On March
29, 2010, Integrated Electrical Services, Inc. (the “Company”)
announced that Terry L. Freeman has been appointed Senior Vice President and
Chief Financial Officer of the Company. Mr. Freeman, age 59, has been
an independent business consultant since December 2005. From 1997
until December 2005, Mr. Freeman served Metals USA, a metal service company that
served OEM manufacturers, contractors and metal fabrication businesses, in
several senior financial roles, most recently serving as Senior Vice President
and Chief Financial Officer.
For
additional information concerning Mr.

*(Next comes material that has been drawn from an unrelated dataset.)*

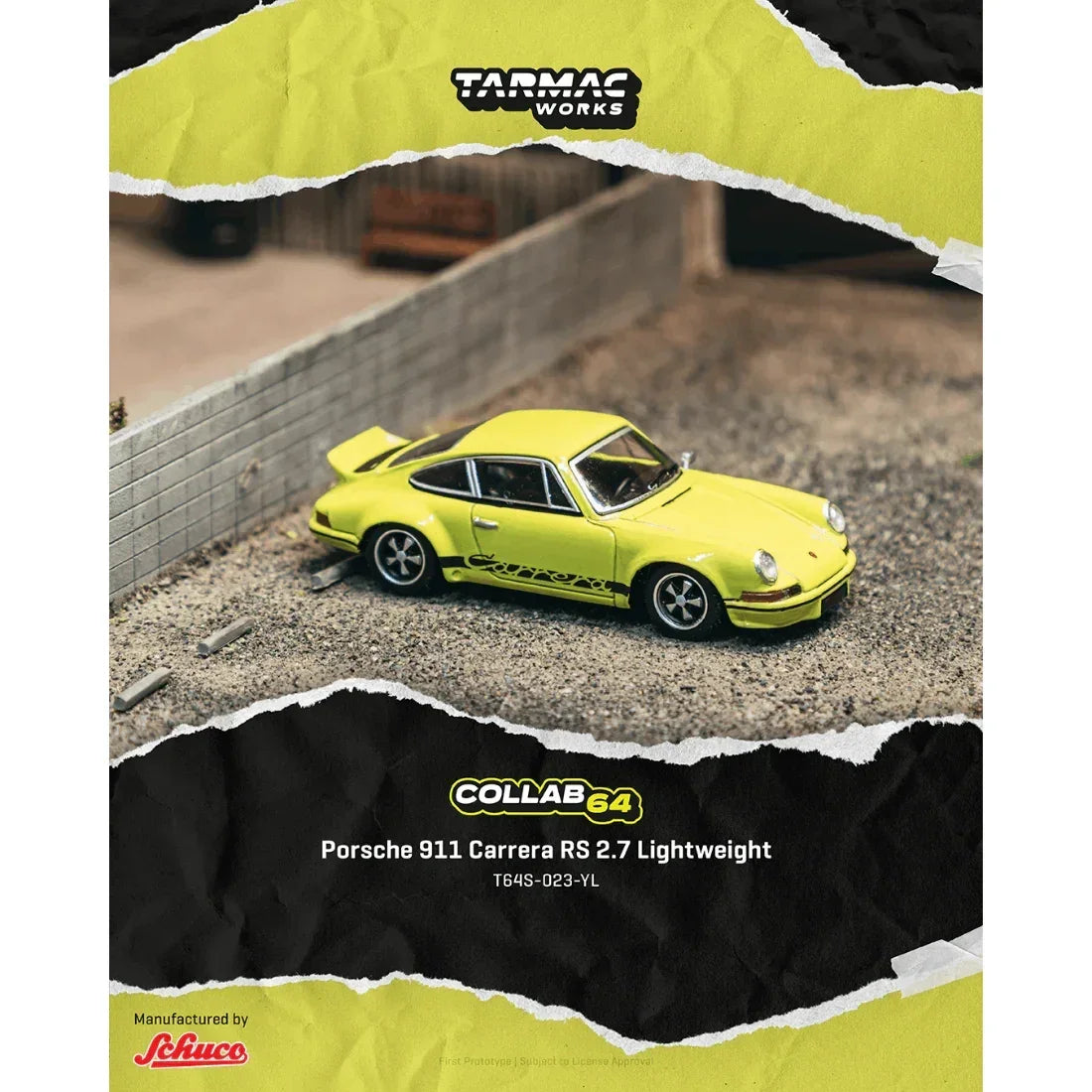 Premium scale diecast model car – *PRE-ORDER* Porsche 911 Carrera RS 2.7 Lightweight Chance of Chase Car (Yellow) Collectible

Freeman’s prior experience, please refer
to the press release announcing Mr. Freeman’s appointment, which is attached
hereto as Exhibit 99.1.
On March
29, 2010, the Company entered into an Employment Agreement with Mr. Freeman (the
“Employment
Agreement”). The Employment Agreement provides that Mr. Freeman shall
commence employment with the Company on March 29, 2010 (the “Effective
Date”). The Employment Agreement has no definitive employment term and
may be terminated at any time, upon written notice to the other party for any
reason, at the option either of the Company or Mr. Freeman. Pursuant to the
Employment Agreement, Mr. Freeman will serve as a Senior Vice President and
Chief Financial Officer of the Company.
The
Employment Agreement provides for (i) an annual base salary of $350,000 (which
may be increased in the sole discretion of the Company’s Compensation
Committee), (ii) an annual bonus (the “Annual
Bonus”) with a target annual bonus opportunity of 75% of annual base
salary (the “Annual
Bonus Opportunity”) for fiscal year 2010, pro rated, and thereafter as
shall be determined by the Compensation Committee and (iii) a signing bonus of
$50,000. On the Effective Date, Mr. Freeman received a grant of 12,886
restricted shares of the Company’s common stock (the “Restricted
Shares”) under the Company’s 2006 Equity Incentive Plan (as amended and
stated) (the “Equity
Plan”), which vests on December 15, 2010. The terms of the Restricted
Shares shall be governed by the Equity Plan and the award agreement to be
executed on the Effective Date. The grant of these shares represents
a guaranteed Annual Bonus for fiscal year 2010. In the event Mr.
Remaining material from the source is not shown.